Beginning today, student teams will compete in the Silicon Valley regional qualifying event for the FIRST Robotics Competition, a six-week challenge to design, build, and test robots. The teams are sponsored by tech companies such as Google, IBM, and Microsoft, as well as the NASA Ames Research Center. CollabNet says it has contributed nearly $250,000 worth of its collaborative software development platform to help students program their robots. We've covered open source robot development efforts before, here, here, and here. Will the competition move us closer to an open source version of C3PO?
More than 42,000 high-school students in 1,680 teams from 10 countries are competing in the 2009 FIRST Robotics Competition. (Dean Kamen, the man behind the Segway scooters and many other inventions, is the founder of FIRST.) Twenty thousand mentors have volunteered to assist them. The competition is observing open source principles, according to CollabNet:
"The students have six weeks to design, build, and test robots to compete in regional competitions that measure the effectiveness of each robot, the power of collaboration, and the determination of the students. All the source code for the software control system that the teams program to operate their robots is available to students on the CollabNet platform, enabling the teams to be self-supporting and to contribute code that they develop to the less-experienced teams."

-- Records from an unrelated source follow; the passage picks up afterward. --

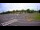Webcam in Spencerport, New York, 126.5 km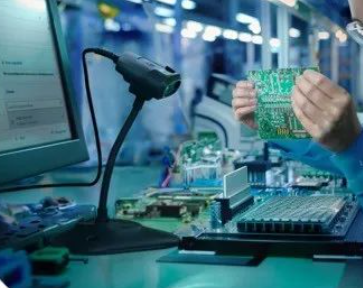 1730947114299401.png image.png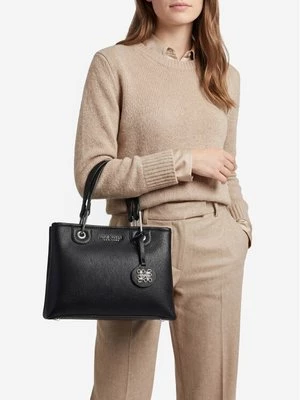 Obrázek produktu Nine West Kabelka CEO-Madison Muse-LDA8337 Černá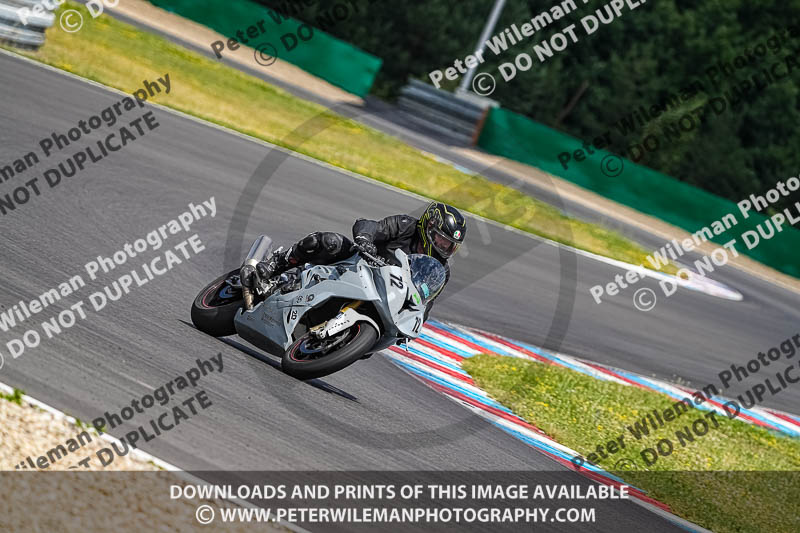 Slovakia Ring;event digital images;motorbikes;no limits;peter wileman photography;trackday;trackday digital images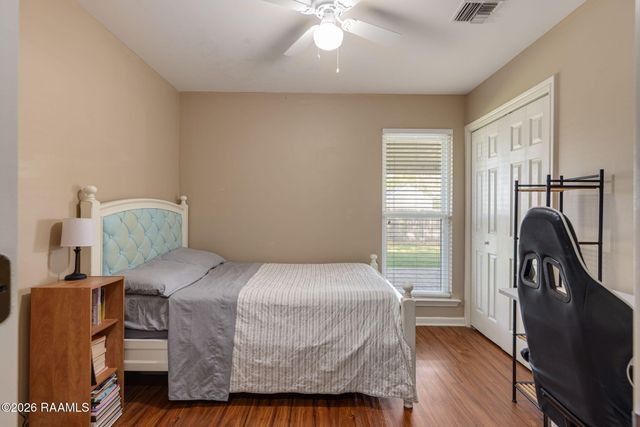 410 Rue Canard, Youngsville, LA 70592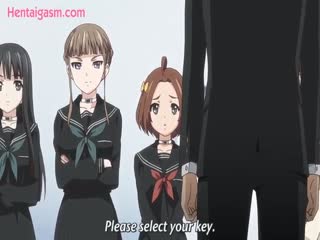 生存逃脫2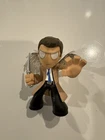 Funko Mystery Mini Castiel Figure Supernatural REPAIRED WING***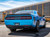 Borla 2015 Dodge Challenger SRT/392 Hemi 6.4L V8 ATAK Catback Exhaust w/ Valves Factory Bezel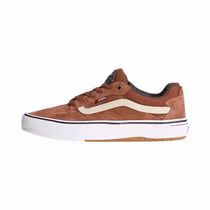 Tênis Vans Skate Kyle Walker VN000DA41RE Masculino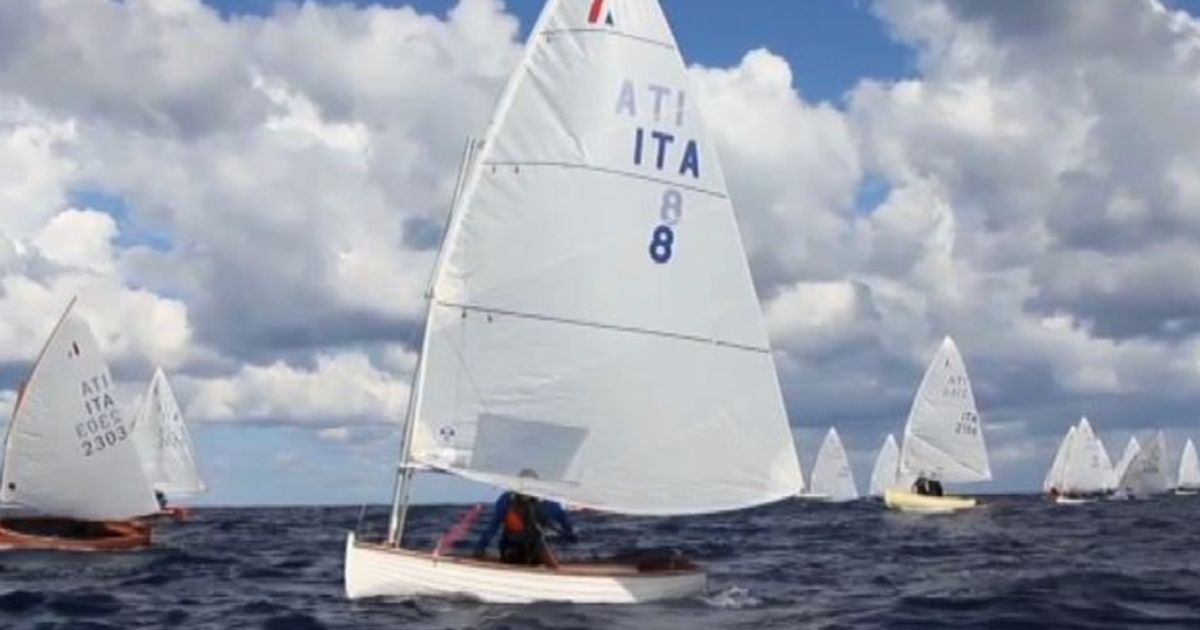 Video News 26/09/2015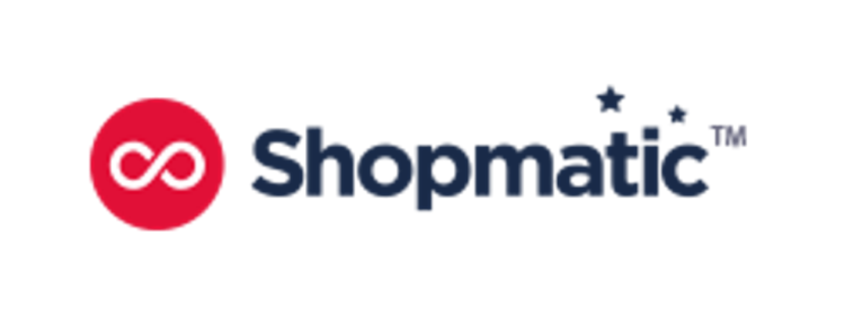 Shopmatic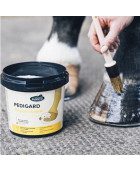 Onguent RAVENE "Pedigard Blond"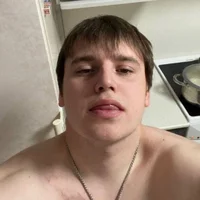 BestyCoupleHot avatarképe
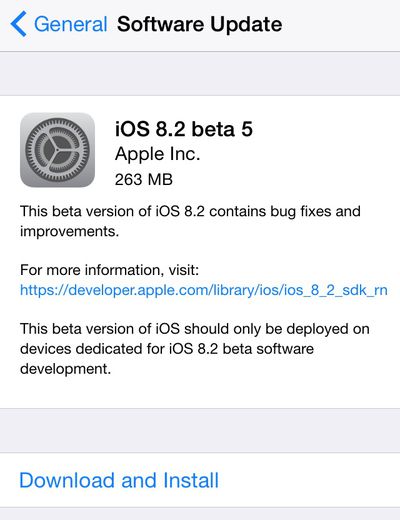 ios_8_2_beta_5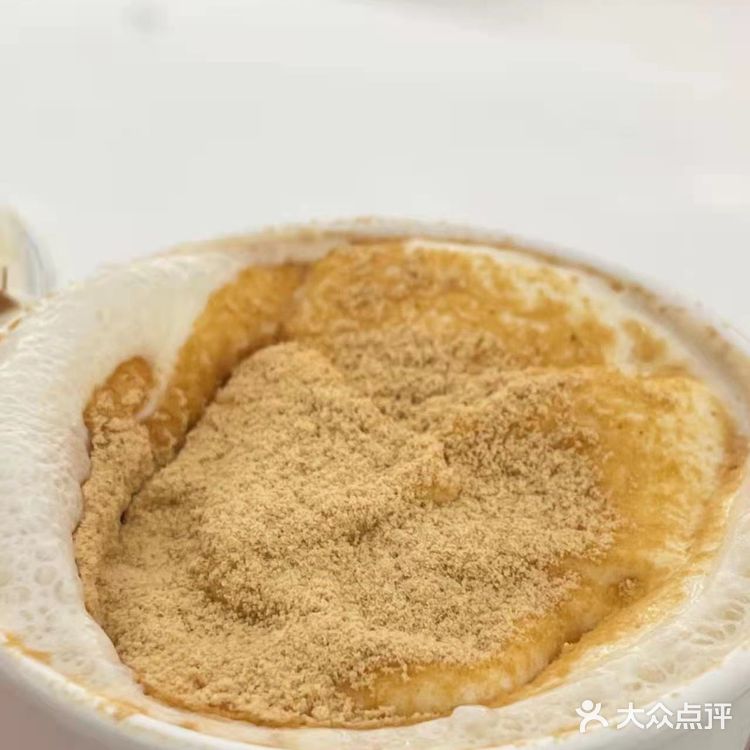  太原首家Sevenbus'豆乳系女孩的心头好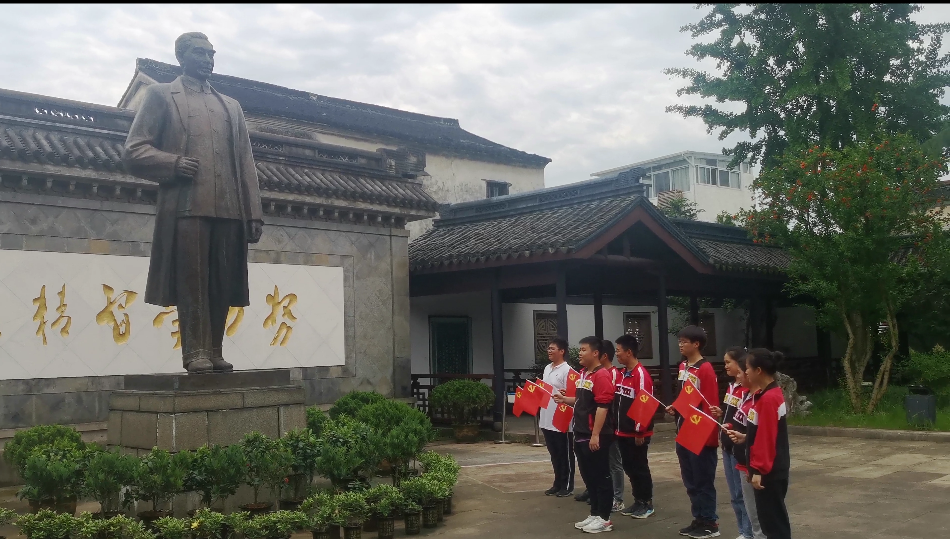 d8bcfc46df8e4e82b738f83614bde31f.png d8bcfc46df8e4e82b738f83614bde31f.png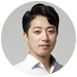 HSG 박준경 팀장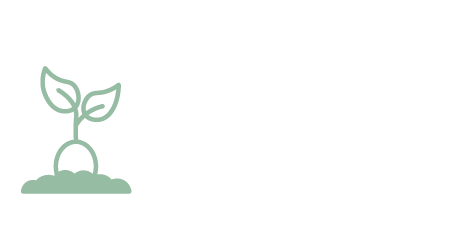 Garbage Bags-100 percent compostable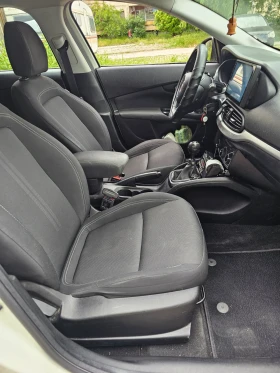 Fiat Tipo | Mobile.bg    6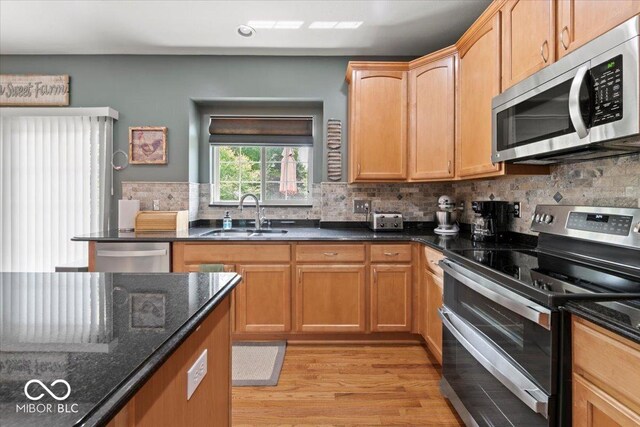 19089 Walter Grove Dr, Noblesville, IN 46062 - photo 17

Student teams that win in regional events will advance to the FIRST Championship in Atlanta, April 16th to 18th. Participating students are also eligible to apply for more than $9.7 million in scholarships offered by universities, colleges, and companies.
The field of open source robotics is growing, as you can see in the links at the top of this post. It would be great to see the open source community take us beyond robot vacuum cleaners found in homes, and the mostly single-task-specific robots found in industrial use. We'll keep our eyes on the competition and post the winners when they emerge.